BEGIN Given material

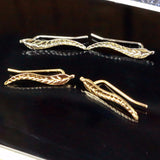 Vintage Jewelry Exquisite Gold Plated Leaf Earrings | Modern Beautiful Feather Stud Earrings for Women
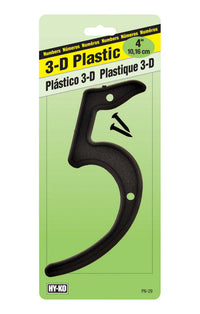 Hy-Ko 4 in. Plastic Black 5 Number Nail-On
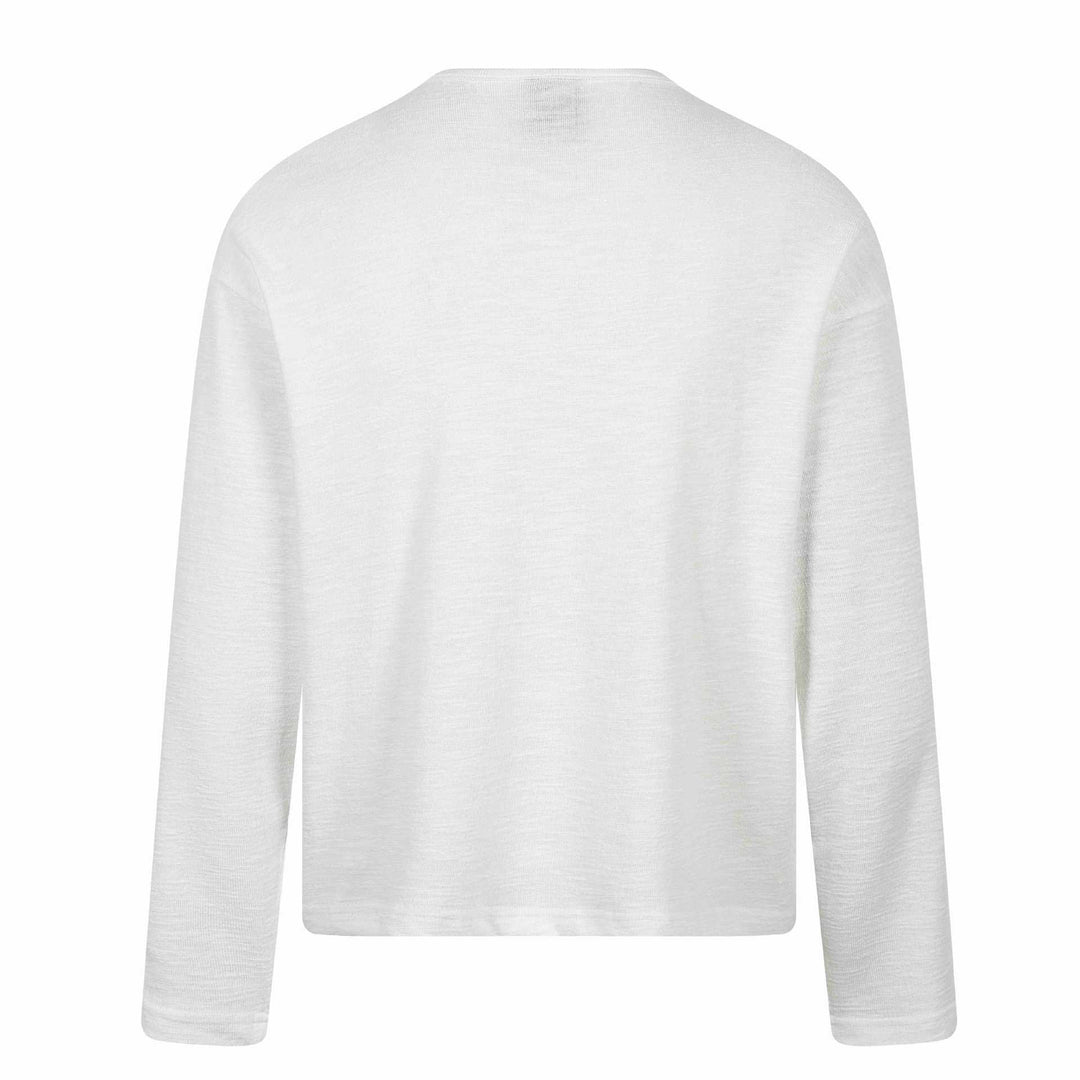 Unisex Langarm-Henleyshirt mit Brusttasche und Vintage-Print Echoarchiv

END Given material

# [Work to be completed]
Please reprint the whole listing exactly and omit its pictures.

# [Exercise output]
 Vintage Jewelry Exquisite Gold Plated Leaf Earrings | Modern Beautiful Feather Stud Earrings for Women
 Hy-Ko 4 in. Plastic Black 5 Number Nail-On
 Unisex Langarm-Henleyshirt mit Brusttasche und Vintage-Print Echoarchiv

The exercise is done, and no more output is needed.